Au moins quatre, mais plus probablement cinq des neuf juges du plus haut tribunal du Canada prendront leur retraite d'ici 2015. Ce pourrait être jusqu'à sept sur neuf.

Une occasion unique pour le gouvernement conservateur d'imprimer une nouvelle orientation judiciaire au pays. Ou au contraire de démontrer une modération en droite ligne avec la tradition canadienne.

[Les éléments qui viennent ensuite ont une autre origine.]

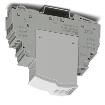 2905229  Circuit Protection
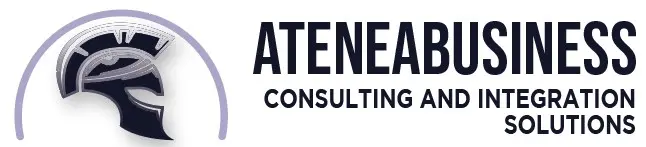ATENEABUSINESS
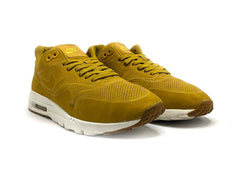 Nike Air Max Premium SC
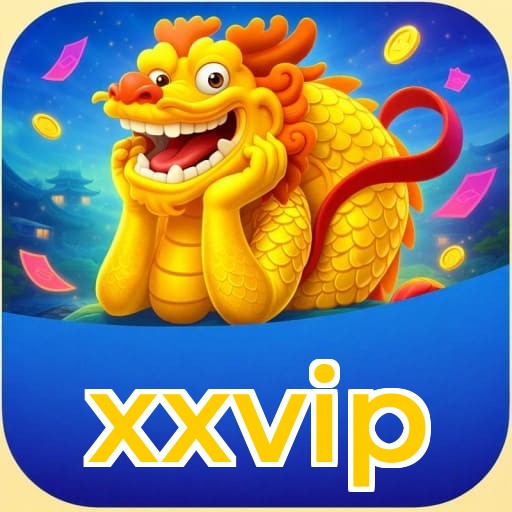 Jogos de slot online na xxvip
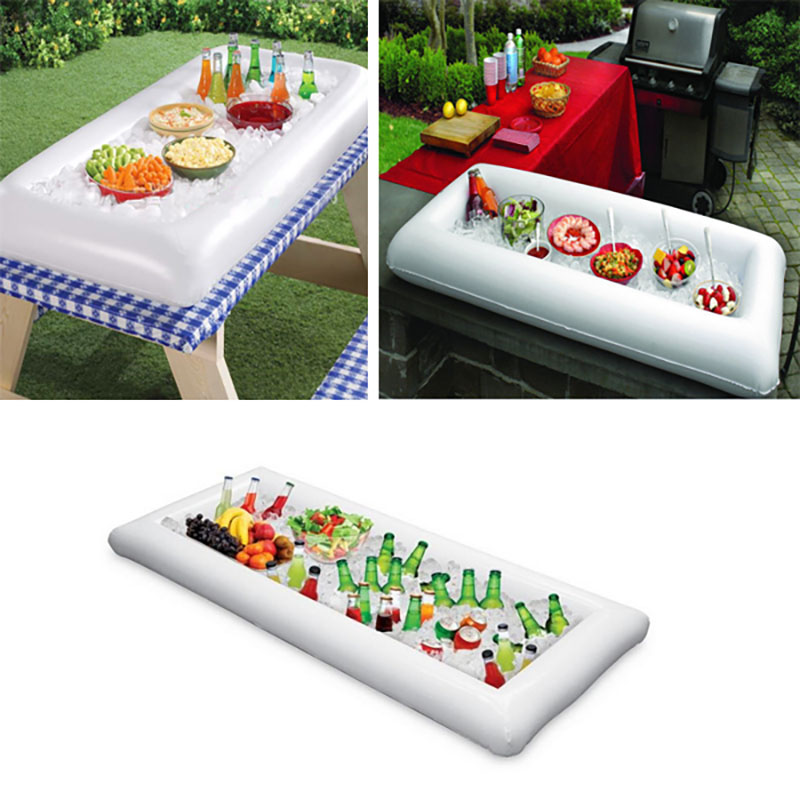 Banderas De Sandwich 100 En Caja Catering etiquetas selecciones Barbacoa Fiesta Boda Buffet Comida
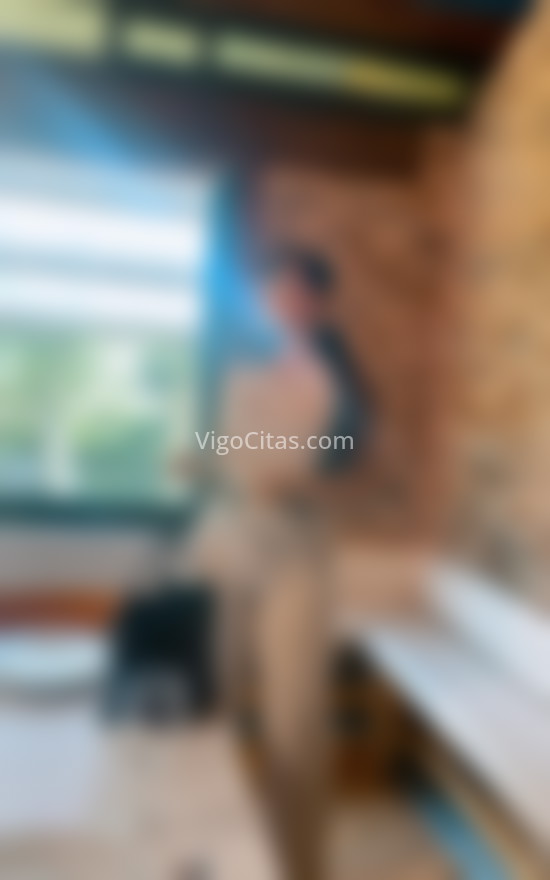Susana . 657523903. Citas en VIGO, VIGO. www.vigocitas.com.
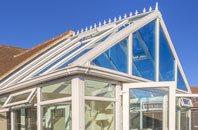 Armagh conservatory roof repairs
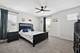 2781 Berrywood, Yorkville, IL 60560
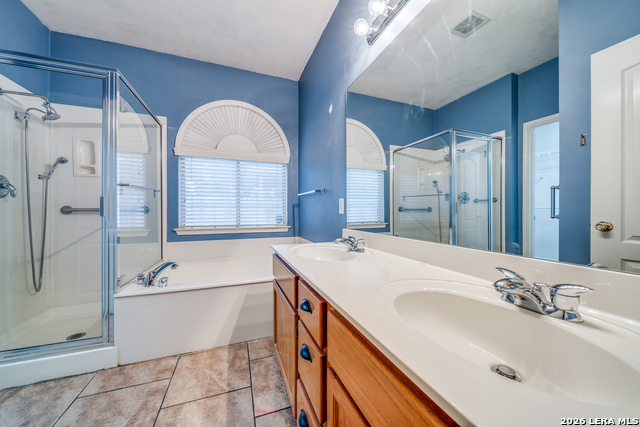 116 Pilot Property Photo 14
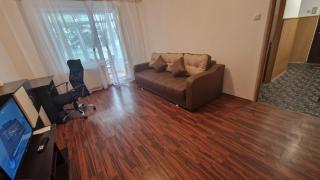 Best Stay Cocorului, self check-in any hour - Braşov - 1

La crainte dans le milieu juridique est évidemment que le gouvernement en profite pour politiser férocement la Cour, selon le modèle américain. Stephen Harper, un des rares premiers ministres non-avocats, ainsi que son entourage ne se sont pas gênés pour critiquer l'interventionnisme «progressiste» de la Cour suprême dans un passé pas si lointain.

Lors de la campagne de 2004, des personnalités du milieu juridique, dont l'ex-juge de la Cour suprême Claire L'Heureux-Dubé, avaient dénoncé les prises de position du parti, estimant qu'il reniait la Charte - et ce que les tribunaux en ont fait.

Ted Morton, prof à l'Université de Calgary et un des critiques les plus sévères de la Cour suprême, est un des fondateurs intellectuels du Reform Party, d'où est issu M. Harper. À ses yeux, les juges se sont servis de la Charte des droits pour imposer leurs idées politiques, à partir de droits formulés en termes très généraux. Droits des accusés, des minorités religieuses, égalité, droits des travailleurs, des homosexuels, etc. La Cour a fait changer ce pays, empiétant par trop sur les décisions du Parlement élu, dit-il.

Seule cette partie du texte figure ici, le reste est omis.